The number of sentences is 3945
The number of tokens is 55708
The average number of tokens per sentence is 14
The number of unique tokens are 7326


In [5]:
print(preprocessed_text[1500:1638])

appearance of mr. davenheim    x the adventure of the italian nobleman    xi the case of the missing will       poirot investigates       


In [6]:
print(preprocessed_text[1638:2000])

poirot investigates     i     the adventure of the western star  i was standing at the window of poirots rooms looking out idly on the street below.  thats queer i ejaculated suddenly beneath my breath.  what is mon ami asked poirot placidly from the depths of his comfortable chair.  deduce poirot from the following facts here is a young lady richly dressedfas


In [7]:
print(preprocessed_text[-18700:-18640])

h wonderwhat old andrew marsh would have thought     the end


In [8]:
# removing disclaimer and other non novel text
preprocessed_text = preprocessed_text[1638:-18640]

In [9]:
set(preprocessed_text)

{' ',
 '.',
 '0',
 '1',
 '2',
 '3',
 '4',
 '5',
 '6',
 '7',
 '8',
 '9',
 'a',
 'b',
 'c',
 'd',
 'e',
 'f',
 'g',
 'h',
 'i',
 'j',
 'k',
 'l',
 'm',
 'n',
 'o',
 'p',
 'q',
 'r',
 's',
 't',
 'u',
 'v',
 'w',
 'x',
 'y',
 'z',
 '£',
 'à',
 'â',
 'æ',
 'ç',
 'è',
 'é',
 'ê',
 'ô',
 '•'}

In [10]:
# Uses the preprocessed data and create raw_text
raw_text = preprocessed_text   #periods have not been removed for better results

# creates mapping of unique characters to integers
chars = sorted(list(set(raw_text)))
char_to_int = dict((c, i) for i, c in enumerate(chars))
int_to_char = dict((i, c) for i, c in enumerate(chars))

In [11]:
# Prints the total characters and character vocab size
n_chars = len(raw_text)
n_vocab = len(chars)

print("The number of total characters are", n_chars)
print("\nThe character vocab size is", n_vocab)

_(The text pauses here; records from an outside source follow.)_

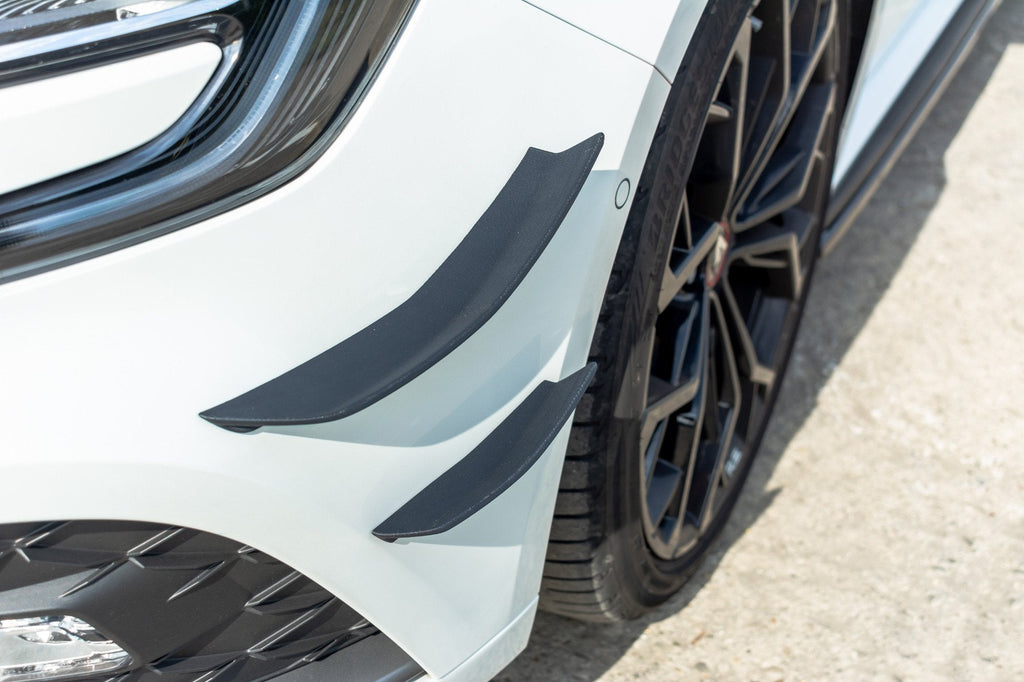 Canards (Deflectores laterales parachoques) Renault Mégane IV RS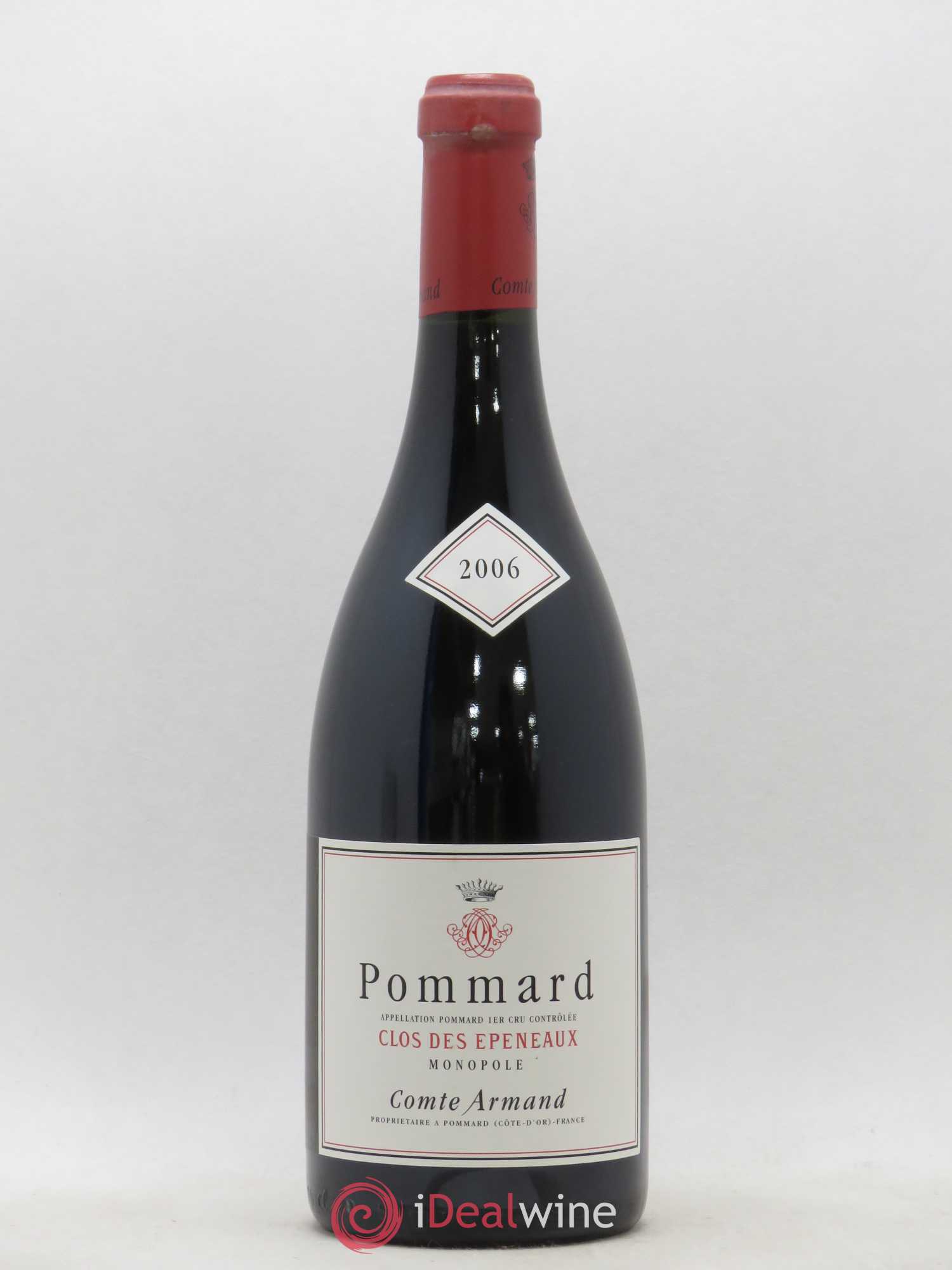 Pommard 1er Cru Clos des Epeneaux Comte Armand 2006 - Lot de 1 bouteille - 0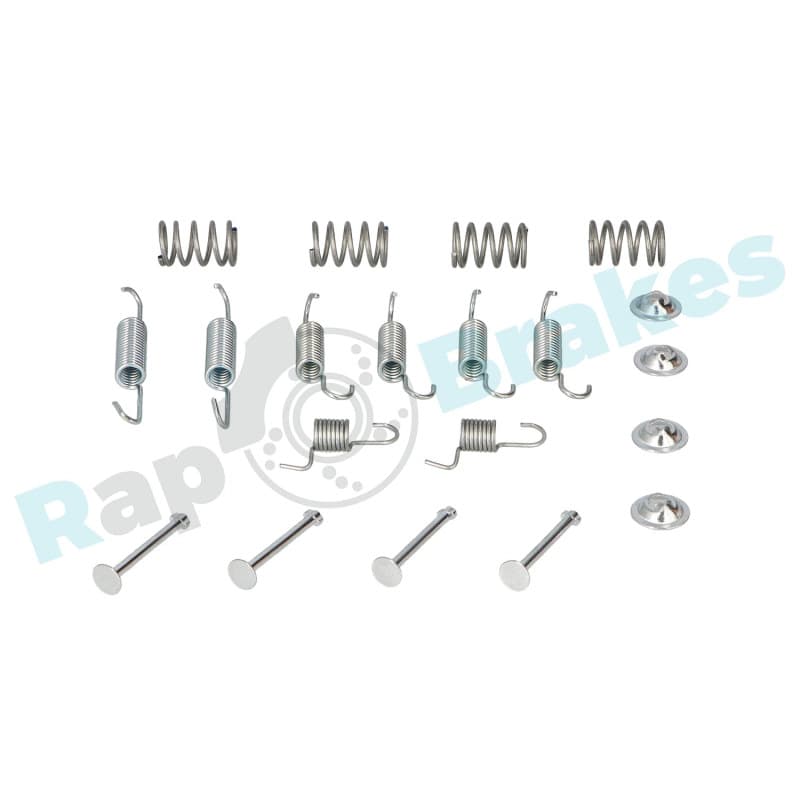 RAPBRAKES priedų komplektas, stabdžių trinkelės R-T0091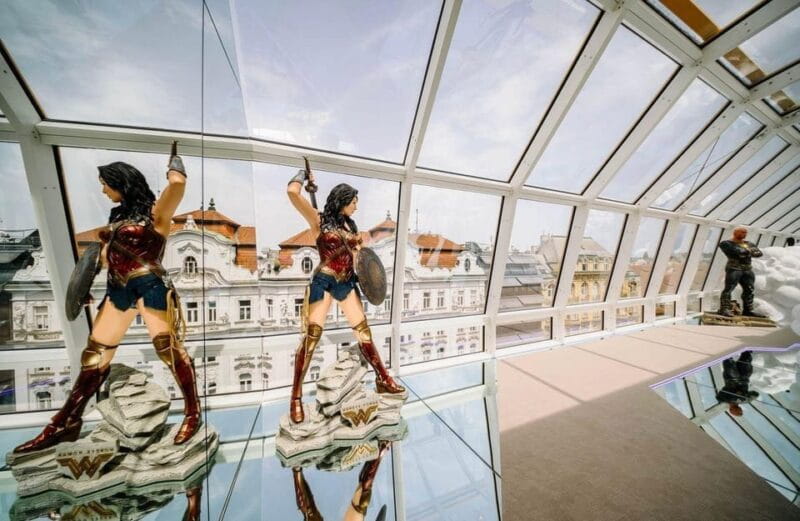 Prague: Heroes Park Superhero Store Entry Ticket - Entering a Universe of Superheroes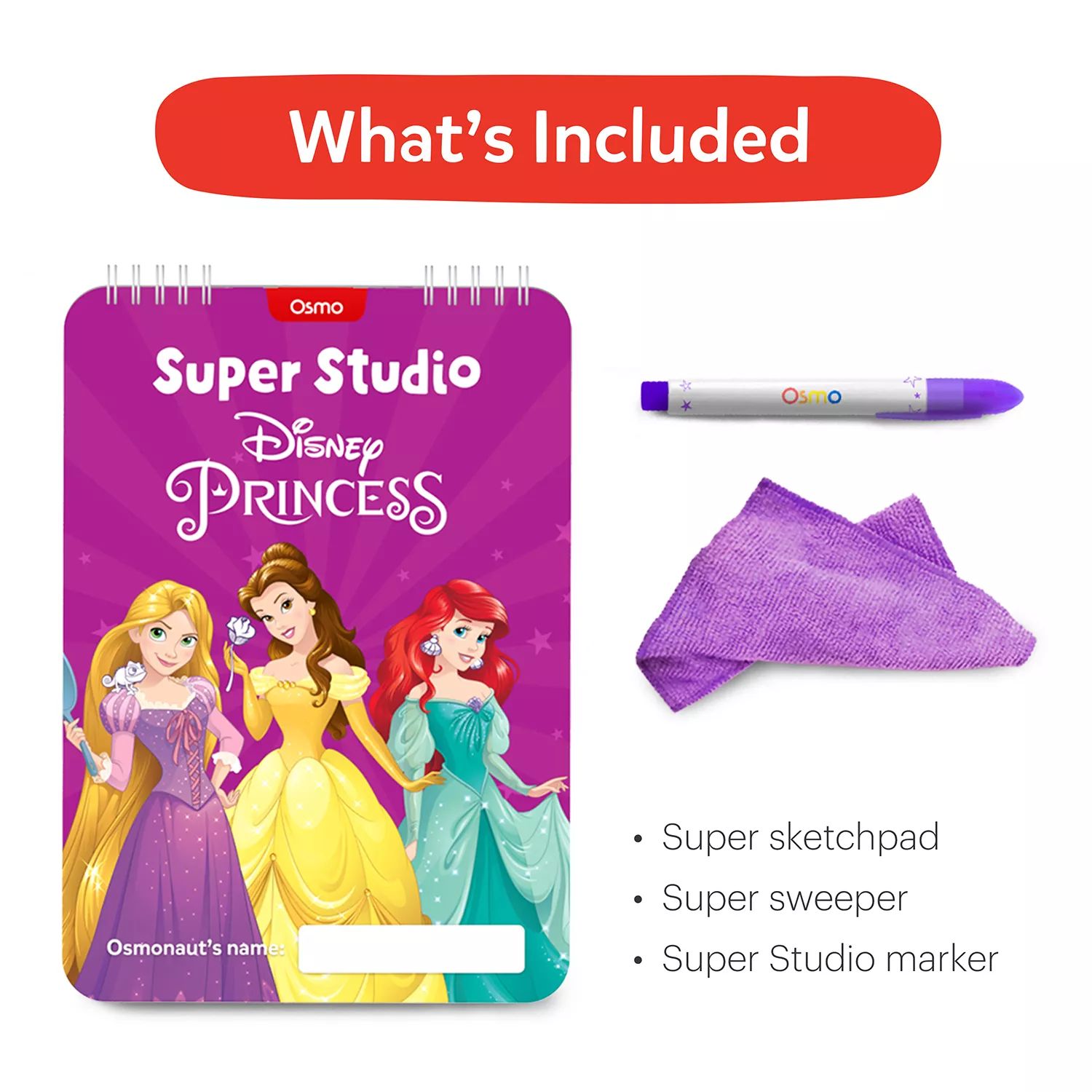 Princess studio. Osmo super Studio Princess.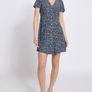 New summer floral mini dress: Size 10 Image 3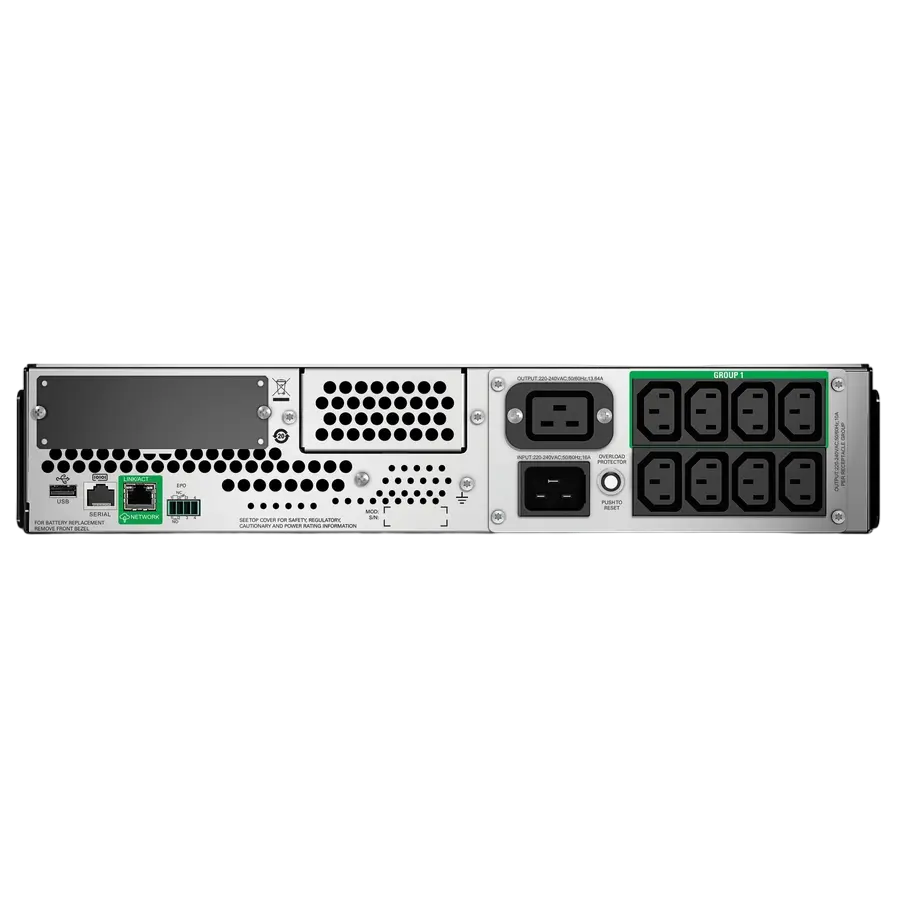 Источник бесперебойного питания APC SMT3000RMI2UC Черный
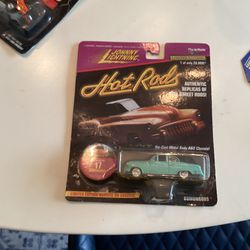 One Of The Rarest Johnny, Lightning, Hot Rods Limited Edition Only 20,000 Wherever Created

The number of total characters are 285205

The character vocab size is 48


In [12]:
#Prepares dataset where the input is sequence of 100 characters and target is next character.
seq_length = 100

dataX = []
dataY = []

for i in range(0, n_chars - seq_length, 1):
  seq_in = raw_text[i:i + seq_length]
  seq_out = raw_text[i + seq_length]

  dataX.append([char_to_int[char] for char in seq_in])
  dataY.append(char_to_int[seq_out])

n_patterns = len(dataX)
print ("Total Patterns: ", n_patterns)

Total Patterns:  285105


In [13]:
# reshapes X to be [samples, time steps, features]
X = np.reshape(dataX, (n_patterns, seq_length, 1))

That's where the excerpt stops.